Jonathan Pile of Empire wrote that American Assassin “would have been better served aiming for a lighter tone.” This comment reveals everything that is wrong with this movie. The film begins with a terrorist attack at a beach resort that leaves Mitch Rapp’s girlfriend dead and Mitch himself scarred for life. So the typical expectation would be a movie about Mitch’s inner struggle or perhaps his own journey to wipe out the terrorist cell that killed his girlfriend. Instead, it jumps to the CIA and a terrorist plot that becomes more about action than Mitch’s personal strife.

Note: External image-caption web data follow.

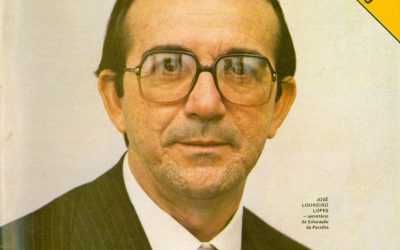 Revista do Fisco – Edição 141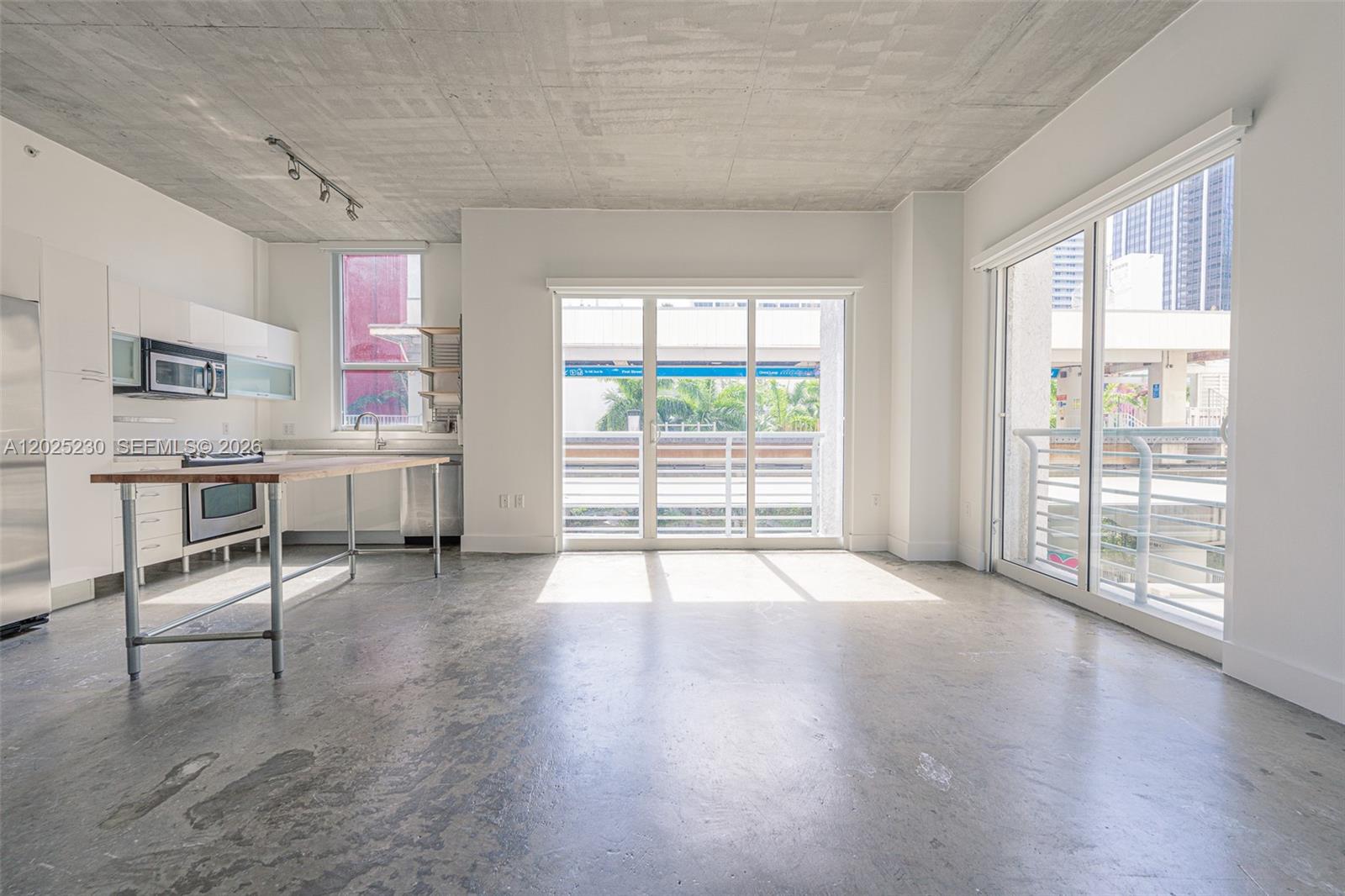 133 NE 2nd Ave #312, Miami FL 33132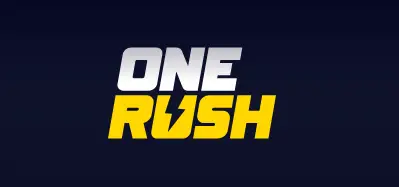 OneRush Betting Bonus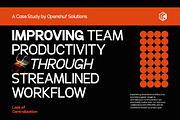 Molfin, a Sans Serif Font by Madjack.font (Thumbnail 2 of 12)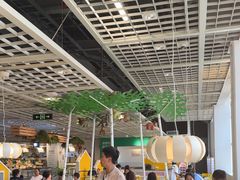 -宜家·瑞典风味餐厅(无锡店)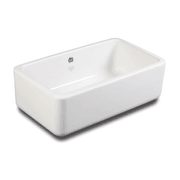 Classic 800 Butler Sink gallery detail image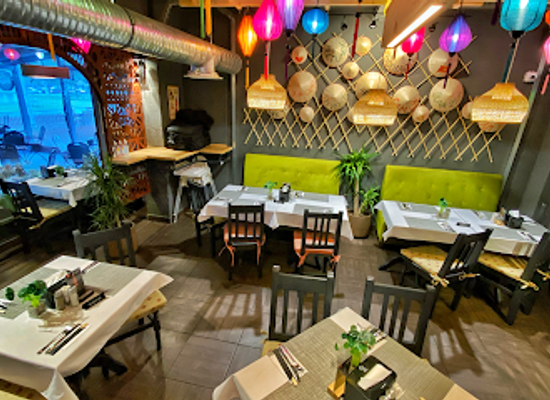 romania/iasi/restaurant/little-hanoi-iasi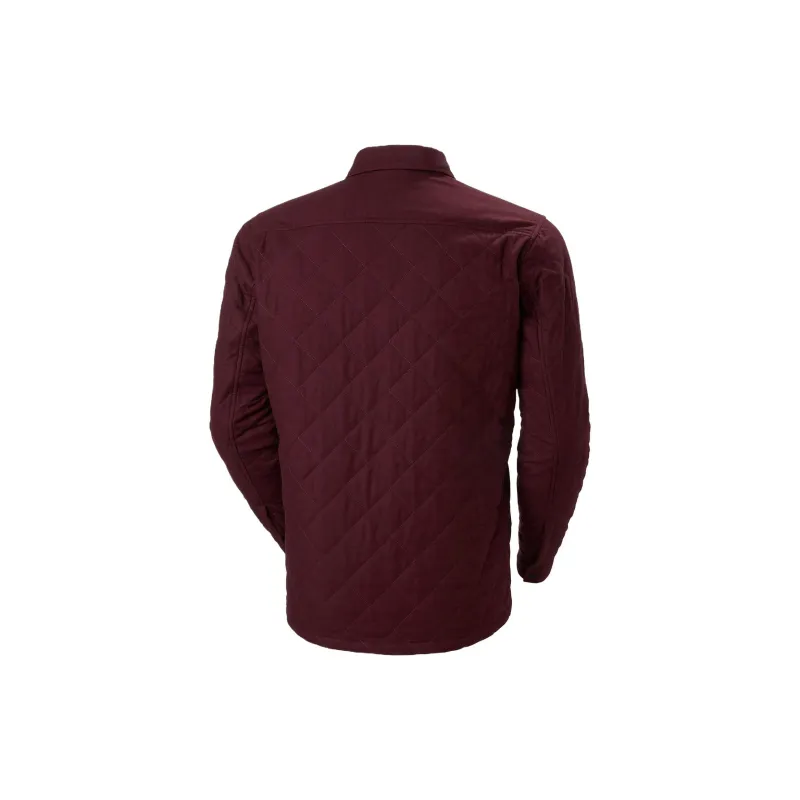 HELLY HANSEN Isfjord Jacket Men's-10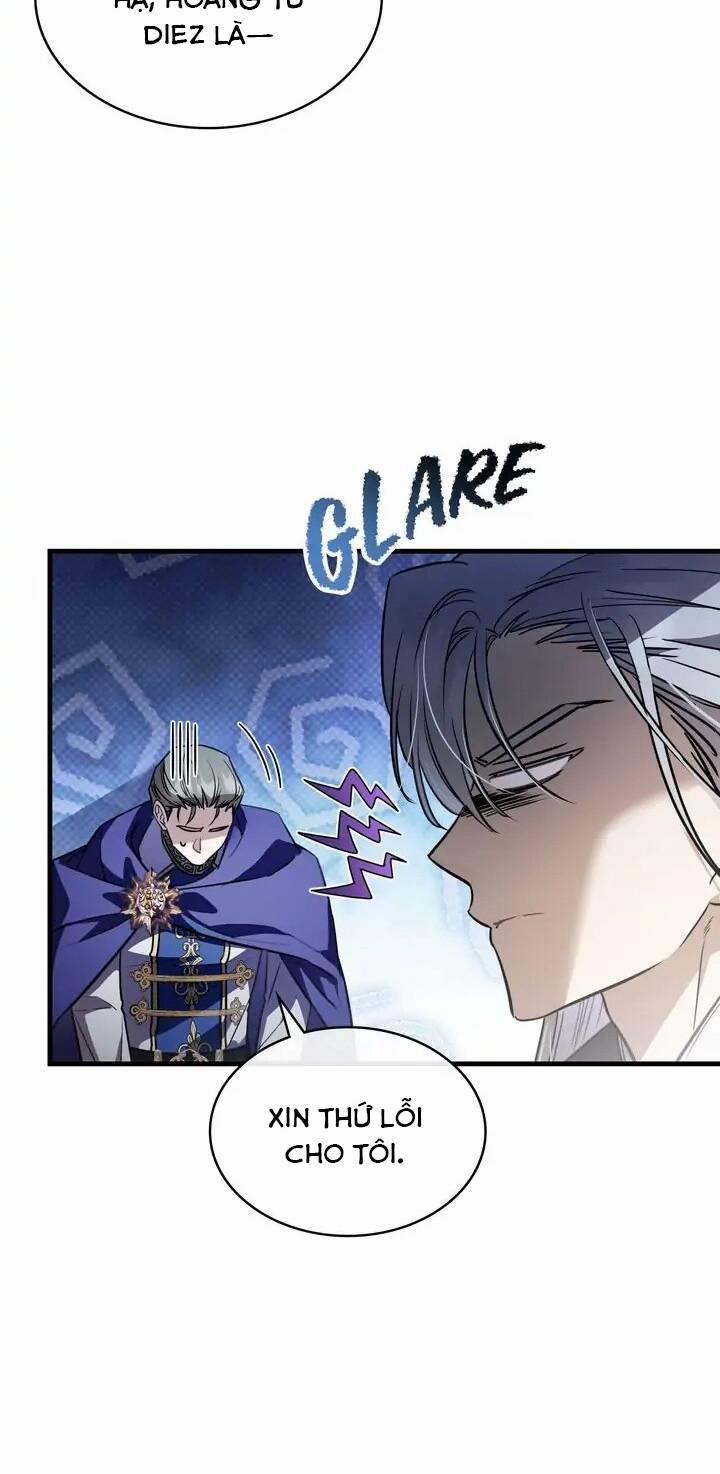 Một Đêm Không Bóng 54 trang 3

The juxtaposition of those two might have worked, but it’s evident that director Michael Cuesta wasn’t clear on exactly how to do that. For something as dark as Mitch’s past to really touch the audience, it has to be reinforced in more than just three or four short scenes. As if that wasn’t enough, the movie had to add another dark past to Stan Hurley (played by Michael Keaton), Mitch’s instructor. We’ve all got a history, but American Assassin really blows it all out of proportion.
Despite everything though, there is an astonishingly thematic element to the movie (for those that care to look for it). It’s subtle, but there are powerful themes hidden in American Assassin. How many need to die for there to be peace? How many can a person kill before they shut down from the guilt of it? Can revenge be the best and strongest motivator? And most of all (this is quite possibly among the most controversial questions of them all), what exactly is America doing in this war against terrorism? Is it worth it, and are we even doing it right?
In three words, American Assassin is typical, confusing, and trying too hard. It’s hard to jump into a movie that is just a repeat of the many American thrillers that came before it. That 33% on Rotten Tomatoes is well deserved, unless you think that Dylan O’Brien hammering it out with terrorists is worth spending two hours of your life on.